Metadata-Version: 1.0
Name: SqlHBase
Version: 0.1
Summary: MySQLDump to HBase, ETL scripts
Home-page: http://www.rocket-internet.de
Author: Guido Serra aka Zeph
Author-email: zeph@fsfe.org
License: GPL 3
Description: ========
        SqlHBase
        ========
        
        SqlHBase is an HBase ingestion tool for MySQL generated dumps
        
        The aim of this tool is to provide a 1:1 mapping of a MySQL table
        into an HBase table, mapped on Hive (schema is handled too)
        
        To run this requires a working HBase with Thrift enabled,
        and a Hive instance, with metastore properly configured and
        Thrift enabled as well. If u need I/O performance, I recommend to
        look into Pig or Jython, or directly a native Map Reduce job.
        
        SQOOP was discarded as an option, as it doesn't cope with dump files
        and it does not compute the difference between dumps before ingestion.
        
        SqlHBase does a 2 level ingestion process, described below.
        
        "INSERT INTO `table_name` VALUE (), ()" statements are hashed
        and stored (dropping anything at the left side of the first open
        round bracket) as a single row into a staging table on HBase (the
        md5 hash of the row is the row_key on HBase).

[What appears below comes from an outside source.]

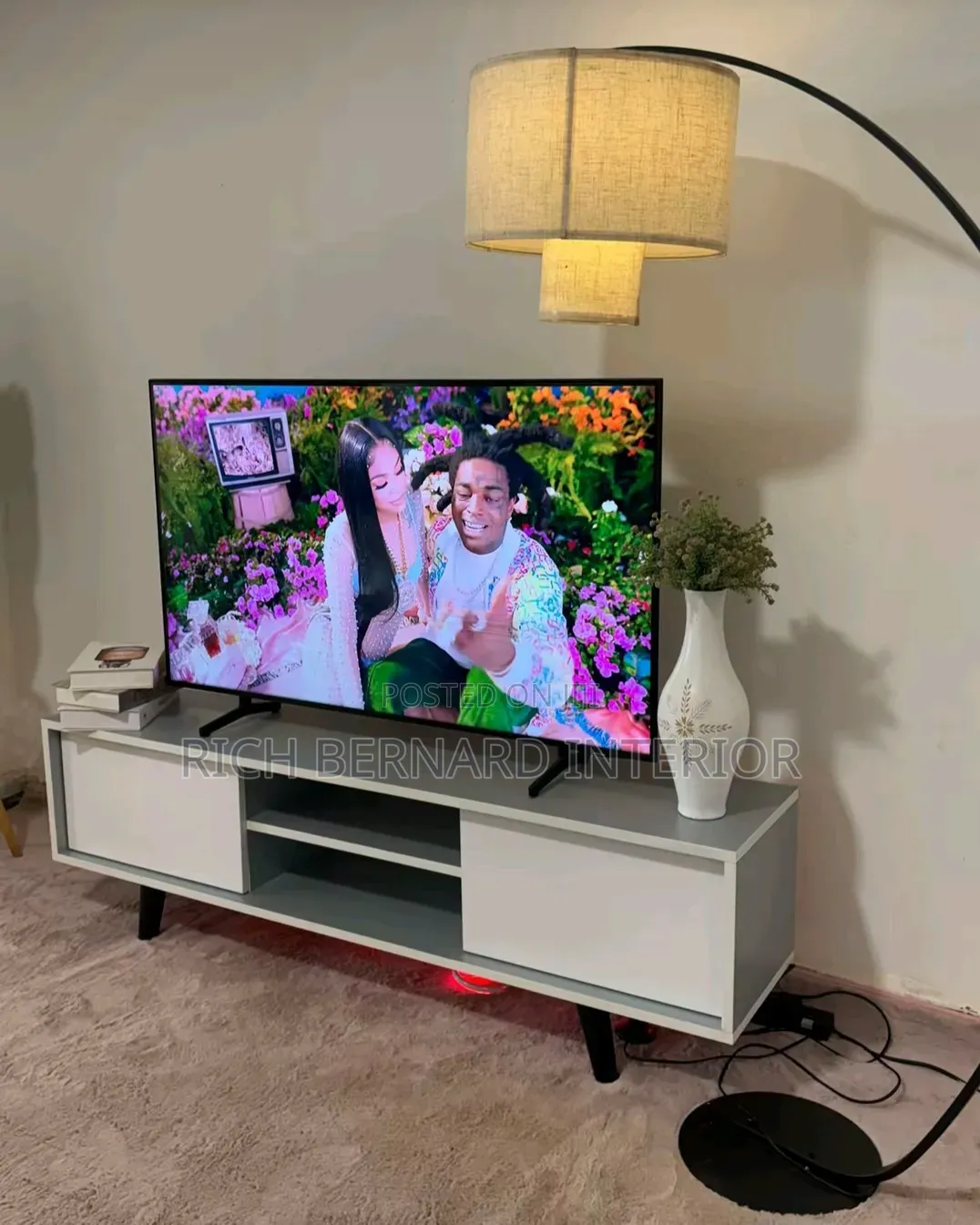 48 Inches Foreign Laminated TV Stand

        When multiple dumps of the same table/database are inserted, this
        prevents (or at least reduce) the duplication of data on HBase side.
        
        MySQL by default chunks rows as tuples, up to 16Mb, in a single
        INSERT statement. Given that, we basically have a list of tuples:
        
            [(1, "c1", "c2", "c3"), (2, "c1", "c2", "c3"), ... ]
        
        Initial attempt of parsing/splitting such a string with a regexp
        failed, of course. Since a column value could contain ANYTHING,
        even round brackets and quotes. This kind of language is not
        recognizable by a Finite State Automata, so something else had to
        be implemented, to keep track of the nested brackets for example.
        A PDA (push down automata) would have helped but... as u can
        look above, the syntax is exactly the one from a list of tuples
        in python.... an eval() is all we needed in such a case.

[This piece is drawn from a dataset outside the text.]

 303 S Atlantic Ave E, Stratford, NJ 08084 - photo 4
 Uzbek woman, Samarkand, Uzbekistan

        (and it is also, I guess, optimized on C level by the interpreter)
        
        To be taken in consideration that the IDs of the rows are integers
        while HBase wants a string... plus, we need to do some zero padding
        due to the fact that HBase does lexicographic sorting of its keys.
        
        There are tons of threads on forums about how bad is to use a
        monotonically incrementing key on HBase, but... this is what we needed.
        
        [...]
        
        A 2-level Ingestion Process
        ===========================
        
        A staging,     -> (bin/sqlhbase-mysqlimport)

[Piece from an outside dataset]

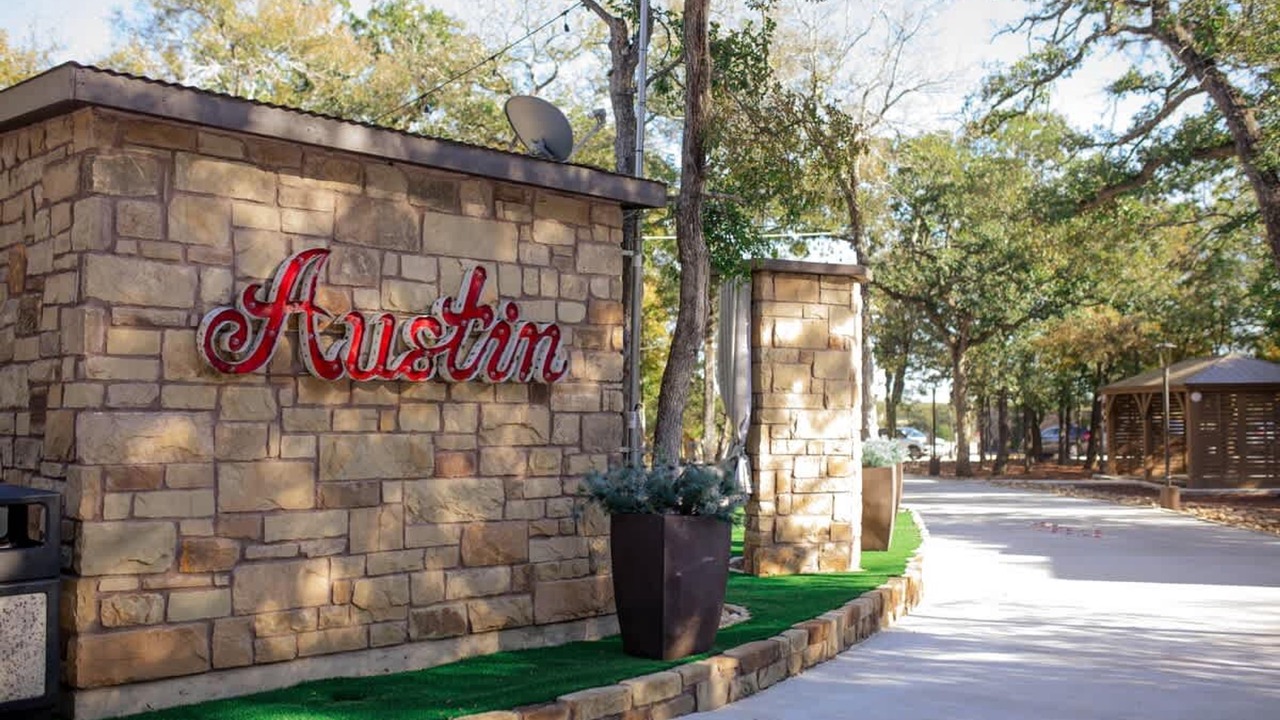 Photo of Others in Austin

        --------------------------------------------
        without any kind of interpretation of the content of the MySQL dump
        file apart of the splitting between schema data and raw data (INSERTs).
        2 tables are created _"namespace"_creates, _"namespace"_values
        The first table contains an entry/row for each dumpfile ingested,
        having as a rowkey the timestamp of the day at the bottom of the dumpfile
        (or a command line provided one, in case that information is missing).
        Such row contains the list of hashes that for a table (see below),
        a create statement for each table, and a create statement for each view,
        plus some statistics related to the time of parsing of the file,
        and the amount of rows it was containing, and the overall md5 hash.
        
        A publishing,  -> (bin/sqlhbase-populate)
        -----------------------------------------
        given a namespace (as of initial import) and a timestamp (from a list):
         - the content of the table CREATE statement gets interpreted, the data
           types mapped from MySQL to HIVE, and the table created on HIVE.
         - if not existing, the table gets created fully, reading each 16Mb chunk
         - the table gets created with such convention: "namespace"_"table_name"
         - if the table exists, and it contains data, we compute the difference
           between the 2 lists of hashes that were created at ingestion time
         -- then we check what has already been ingested in the range of row ids
            which is contained in the mysql chunk (we took the assumption that
            mysql is sequentially dumping a table, hopefully)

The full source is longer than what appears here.